[XML-SIG] Optimising/strategies for DOM/XSL lookup/parsing
Sun, 21 Mar 1999 14:42:20 +0000 (/etc/localtime)
> One thing that I've noticed is that the initial DOM 'parsing' is slow
> relative to the XSL pattern matching. On my iMac 266, DOM parsing a 76k XML
> file took 4-5 seconds (utils.FileReader), whilst the XSL pattern matching
> took 1.8 seconds (tp = Parser(pattern), topics =
> tp.select(reader.document)). By the way, is there any way of telling how
> much memory a DOM tree is occupying?
There are several parsers, different (e.g.) in speed.
For example, "pyexapt" is a Python interface to James Clarks "expat"
parser written in "C". It should be quite fast.
On the other hand, "xmlproc" is purely written in Python.
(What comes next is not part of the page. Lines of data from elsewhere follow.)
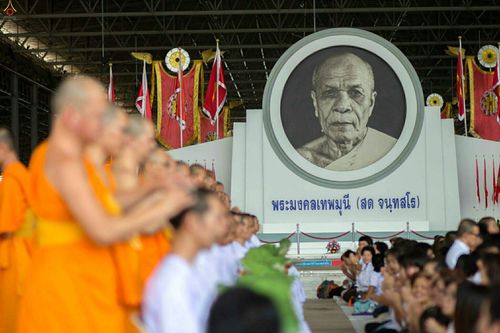 ภาพ No.25331:ประมวลภาพพิธีตัดปอยผมรุ่นบูชาธรรม 99 ปี วันครูผู้ค้นพบวิชชาธรรมกาย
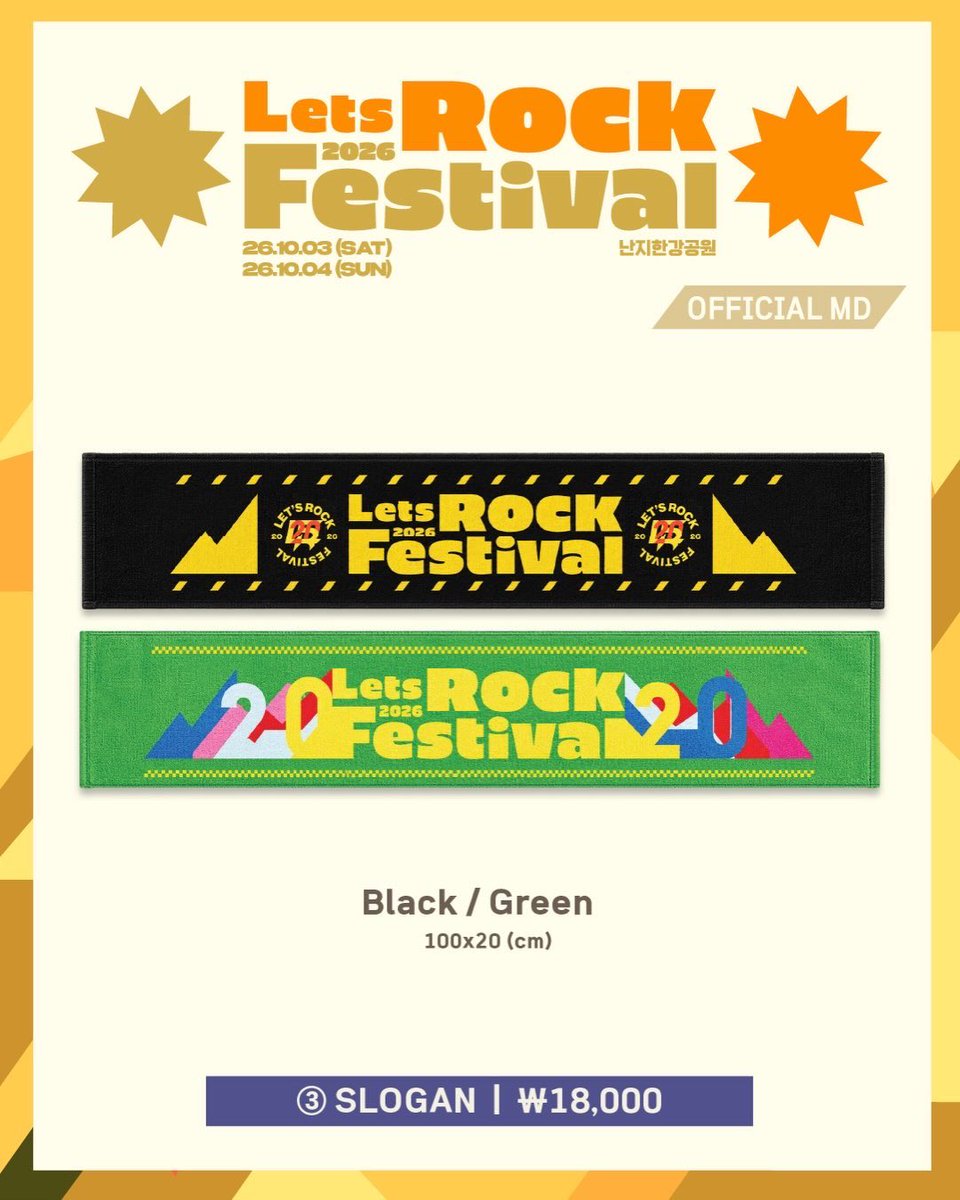 letsrockfe's tweet photo. 『OFFICIAL MD & ARTIST MD』

2026 렛츠락 공식 MD를 공개합니다.

20주년을 기념하는 MD와 다양한 아티스트의 MD까지
모두 현장에서 만나보실 수 있습니다!

⋆OFFICIAL MD
⭒LINE UP T-SHIRT 35,000₩
⭒VINTAGE T-SHIRT 42,000₩
⭒SLOGAN 18,000₩
⭒BANDANA 15,000₩
⭒DUFFEL BAG 22,000₩
⭒FOLDING CHAIR 12,000₩
⭒PICNIC MAT 8,000₩

⋆ARTIST MD
취향상점 / 쏜애플 / 초록불꽃소년단
크랙샷 / 노브레인 / 크라잉넛
바이 바이 배드맨 / 스키조

⋆MD 구매처
MD SHOP

⋆양일간 판매되며, 수량 소진 시 조기 품절될 수 있습니다.

—
LET’S ROCK FESTIVAL 20TH ANNIVERSARY
10.03(SAT) - 10.04(SUN)
NANJI HANGANG PARK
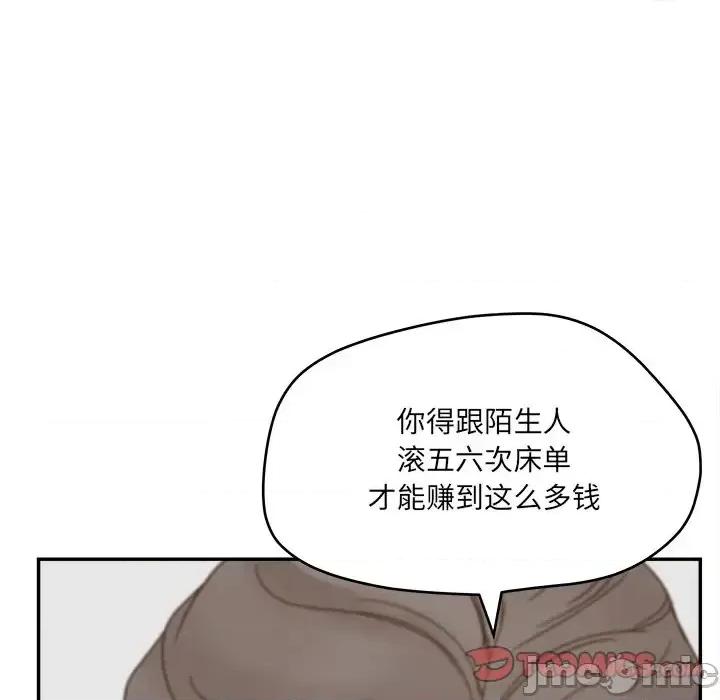 意外的秘密交易 认养女第 28 话 第105页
One
would expect this parser to be considerably slower.
Which one are you using?
> The way I think things are likely to happen is that there will be large
> numbers of XSL queries and very few DOM creations. However, there are
> something like 140 documents that need to be 'available' for XSL querying
> and subsequent transformation into HTML/RTF. In addition, there will be
> times when an XSL query across all 140 documents will definitely happen.
> Would one strategy be to load up all 140 documents into memory on startup,
> do the DOM processing then and then when an XSL query comes along, 'route'
> it to the appropriate DOM tree (now in memory)?
Neither Python nor PyDOM will prevent you to do this;
only your Mac (or other computer, but Mac are especially sensitive
wrt high memory consumption) may feel uncomfortable.
> If this isn't possible, is it possible to 'save' a DOM tree to an external
> file and re-read it in once a relevant XSL query is ready to be acted upon?
You could try to [c]pickle the documents. [c]pickle is
a standard module that allows you to serialize (e.g. write/read)
complex python objects ("cpickle" is implemented in "C"
and much faster than "pickle"). However, objects must obey
some restrictions to be picklable. I am not sure, whether
DOM objects fulfill them, just try it.